Ce détour par la science est utile. Il complète des intuitions par des chiffres, mais ce sont les intuitions qui importent et il est permis de les préférer sous la forme d’un texte inspiré. En 1933, Gustave Thibon a tiré de la sagesse des langues et des peuples la loi suivante :

«Qui trop embrasse mal étreint. Cela est vrai aussi dans l'ordre des sentiments. Il n'est pas plus possible à un homme de répondre à toutes les excitations affectives que d'apprendre toutes les sciences ou de faire tous les métiers […]

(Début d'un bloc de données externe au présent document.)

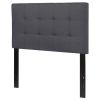 Twin Modern Dark Gray Fabric Upholstered Panel Headboard – Box Stitch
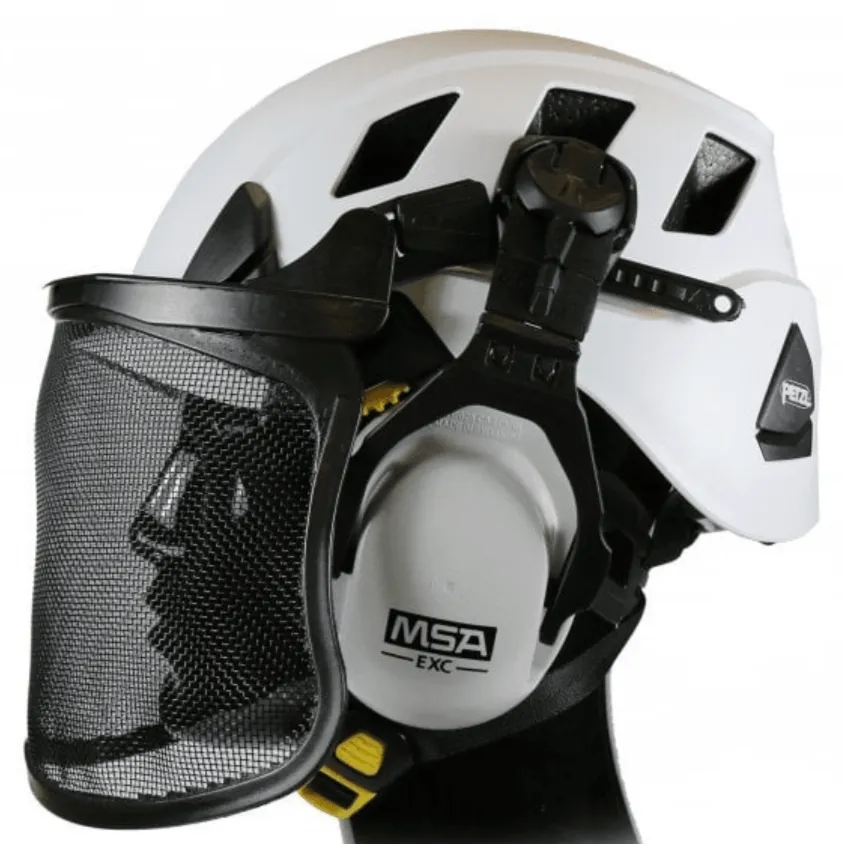 Strato Vent Chainsaw Helmet Mesh Visor & Ear Defenders White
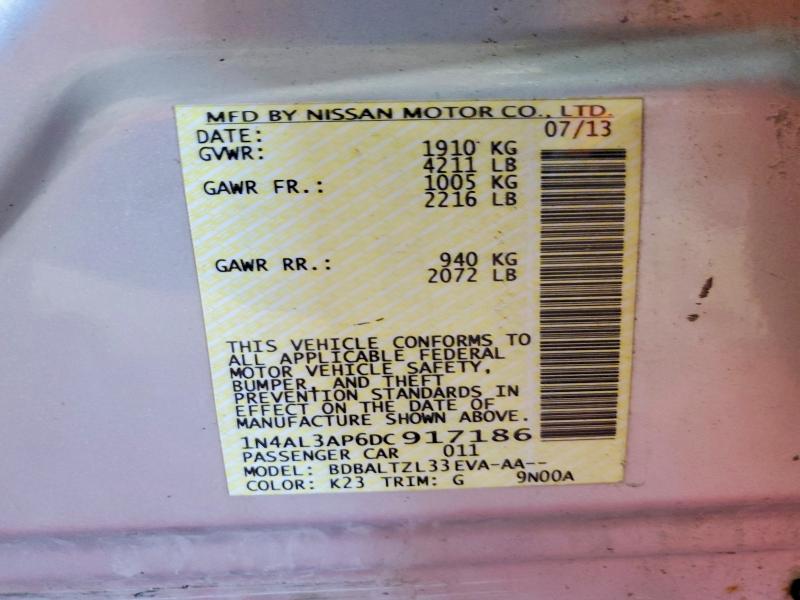 Aukcja sprzedaży 2013 Nissan Altima, vin: 1N4AL3AP6DC917186, numer aukcji: 57939716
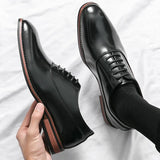 Riolio Luxury High Quality Men Shoes Fashion Casual Shoes Male Pointed Oxford Wedding Leather Dress Shoes Men Gentleman Office Shoes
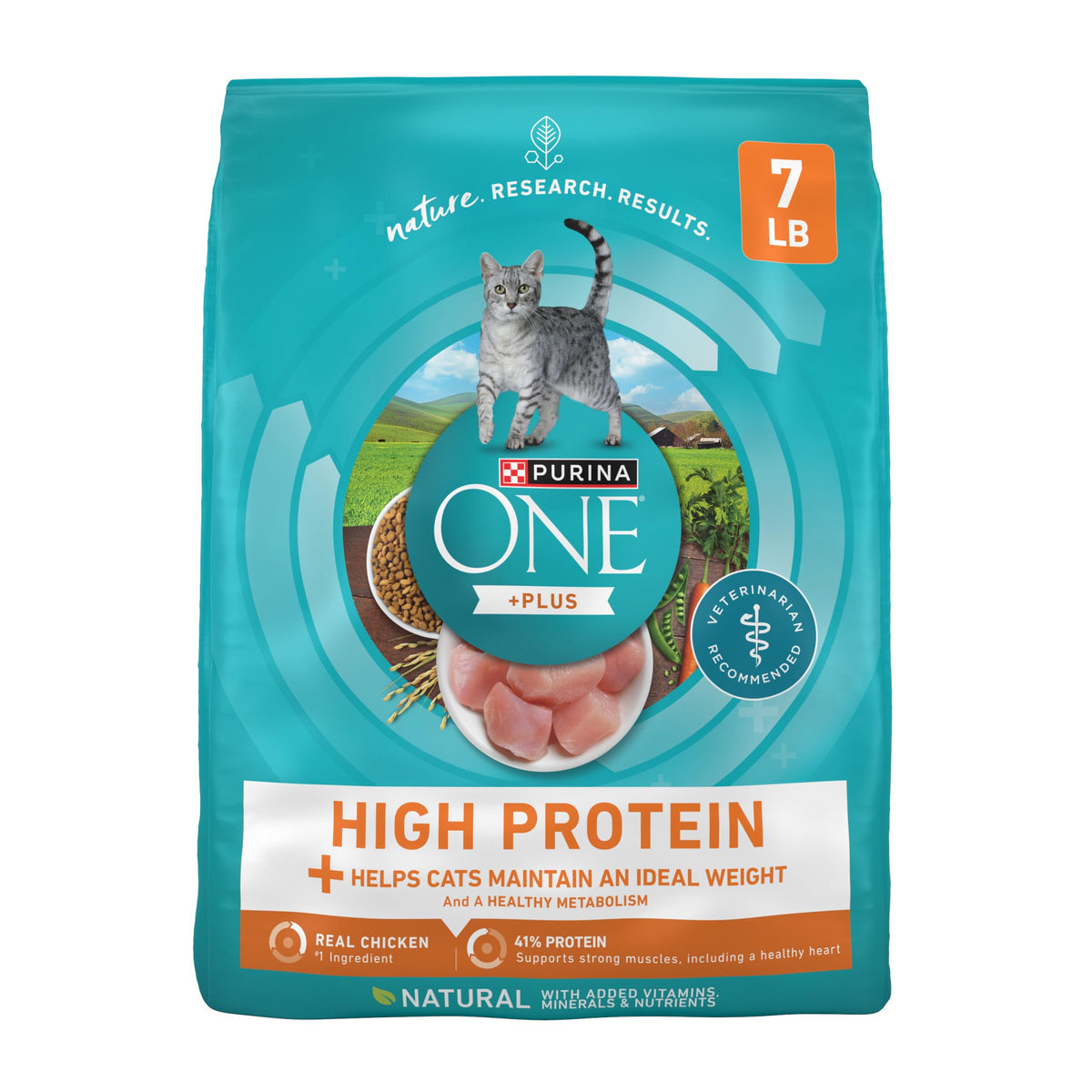 Purina ONE frente del paquete mostrando balance nutricional y control de peso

«De ce spectacle, on peut tirer la loi suivante : les réactions affectives d'un individu s'appauvrissent, se minimisent, glissent sur le plan du jeu et de la fiction, dans la mesure où se multiplient, autour de cet individu, les excitations artificielles. À la limite, les états affectifs les plus naturels et les plus profonds (l'amitié, l'amour, les convictions religieuses et politiques, etc.) deviennent, dans l'âme épuisée, aussi irréels, aussi truqués que le monde de machines, de films, de papier imprimé et de fausse sexualité qui constitue le milieu urbain. Ici, la parfaite adaptation au milieu équivaudrait à la parfaite déshumanisation de l'homme.» Source

Notes
NOTE
 1- René Dubos, Choisir d’être humain, Paris Denoël 1974, p.96-97.